Catalytic activity of bimetallic nanomaterials is different from of its component metals. Instead of being an average of the catalytic activities of its components, bimetallic nanoparticles may also exhibit synergistic catalytic properties [30, 31]. One such example of composition effect was studied by Lim and co-workers in catalytic activity of Pt-Y alloy for electrocatalytic oxygen reduction . The addition of various amounts of Y changes the electronic structure of Pt and thus modifies the binding energy of the oxygen-containing species. The optimum catalytic performance was achieved at a particular composition of Pt-Y alloy. Thus, the catalytic activity of Pt-Y alloy catalysts follows the trend of Pt70Y30 > Pt78Y22 > Pt64Y36 > Pt86Y14 > Pt91Y9 > Pt. Sun and co-workers also demonstrated such composition-dependent catalytic activity of monodisperse CoPd nanoparticles for formic acid oxidation .

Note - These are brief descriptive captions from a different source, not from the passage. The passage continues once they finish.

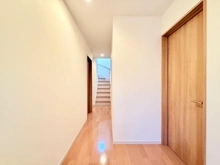 【東京都/練馬区練馬】練馬区練馬3丁目　戸建 廊下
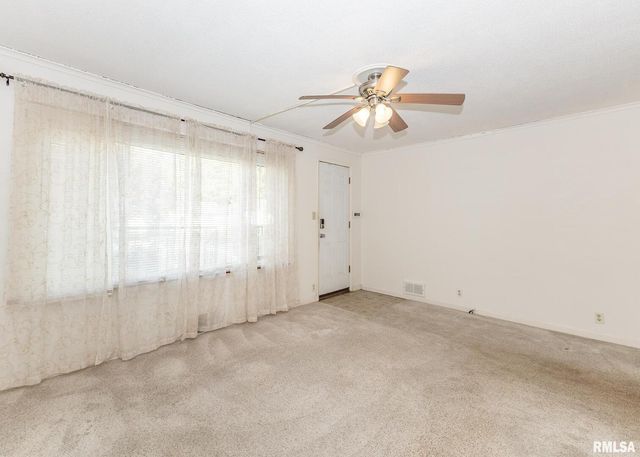 3015 N 3RD Street, Clinton, IA 52732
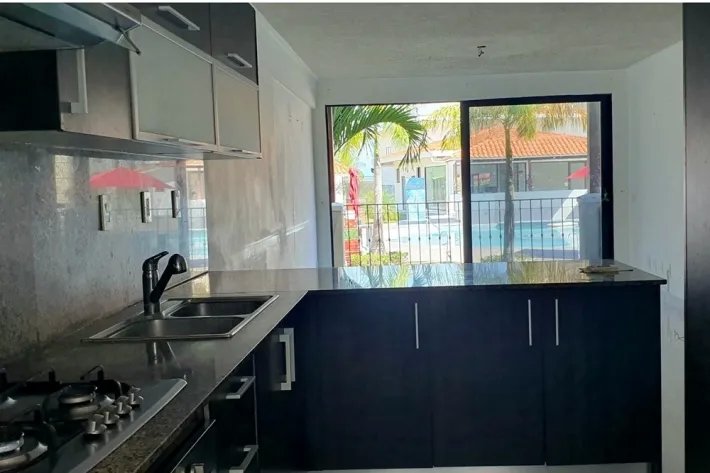 Venta de apartamentos en Vista Mar, San Carlos, Panamá Oeste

The effect of composition also exists in core-shell bimetallic nanoparticles. Jiang et al. established the composition-dependent activity of core-shell Cu@M (M = Co, Fe, Ni) catalyst nanoparticles for hydrolytic dehydrogenation of ammonia borane . In core-shell Cu@M structures, collaboration of Cu with M can change the width of surface d band, which is beneficial for catalytic enhancement. Only an optimum Cu/M ratio in all three cases shows the best catalytic activity.
Extensive use of BNPs have been reported in catalytic oxidation of dyes , glucose , CO , benzyl alcohol , and methanol  oxygen reduction  propane dehydrogenation  hydrogenation of nitro-aromatic compounds , electro-catalytic oxidation of methanol  as well as in desulfurization of thiophene .

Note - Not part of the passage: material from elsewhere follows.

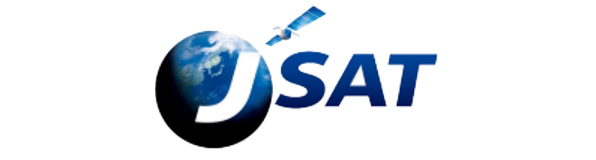 JSAT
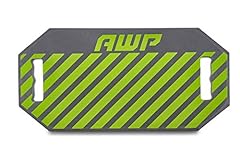 Awp foam kneeling for sale  Delivered anywhere in USA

High surface area and consequently, enhanced surface active sites have led to extensive use of nanoparticles (NPs) as catalysts. Altering the nature and density of active sites can improve their catalytic activity. Change in nanoparticle size, shape, and composition affects the active site catalytic properties. The three listed aspects may also affect the electronic structure of the nanostructures. Moreover, appropriate functionalization of the nanostructures, not improve their stability against aggregation, but also impact their electronic structures and adsorption properties. Low density support materials also influence the nanostructure electronic state and the resultant properties.
Anisotropic shapes offer different densities of surface, edge, and corners in nanoparticles. Atoms in corners and edges possess low coordination and can lead to better interaction with the substrate and other reacting species for catalysis. On the other hand, possible variations in composition offered by bimetallic nanoparticles can not only reduce the cost of nanomaterial but may also show synergistic properties.